-- YOUR GOAL --
From the line containing "Overall, this resource" down to the last line of the listing, quote everything word for word, and nothing else, keeping pictures out.

(DATA SECTION begins)

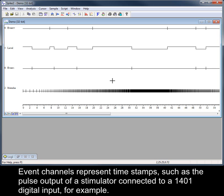Event channels represent timestamps, such as the pulse output of a stimulator connected to a 1401 digital input, for example.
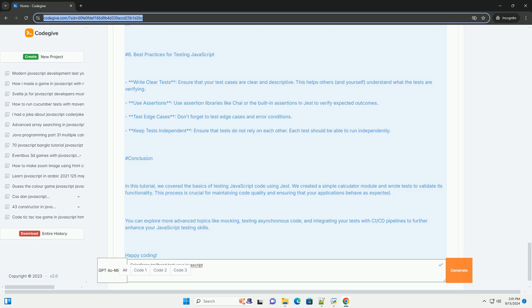Overall, this resource serves as an excellent starting point for anyone looking to enhance their JavaScript proficiency within the Salesforce ecosystem.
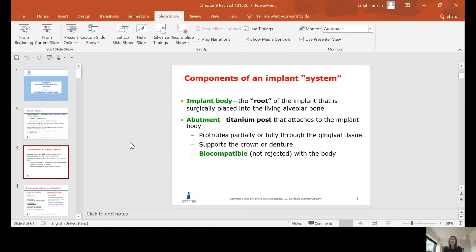The implant is called an implant system because there are several parts. You've got the implant body, which is like the root of a tooth — the screw-like post made out of titanium. The abutment is placed on top of it; it can protrude partially or fully through the gingival tissue, supports the crown or denture, and is biocompatible — not rejected by the body.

(DATA SECTION ends)

-- REPLY TO THE EXERCISE --
Overall, this resource serves as an excellent starting point for anyone looking to enhance their JavaScript proficiency within the Salesforce ecosystem.
The implant is called an implant system because there are several parts. You've got the implant body, which is like the root of a tooth — the screw-like post made out of titanium. The abutment is placed on top of it; it can protrude partially or fully through the gingival tissue, supports the crown or denture, and is biocompatible — not rejected by the body.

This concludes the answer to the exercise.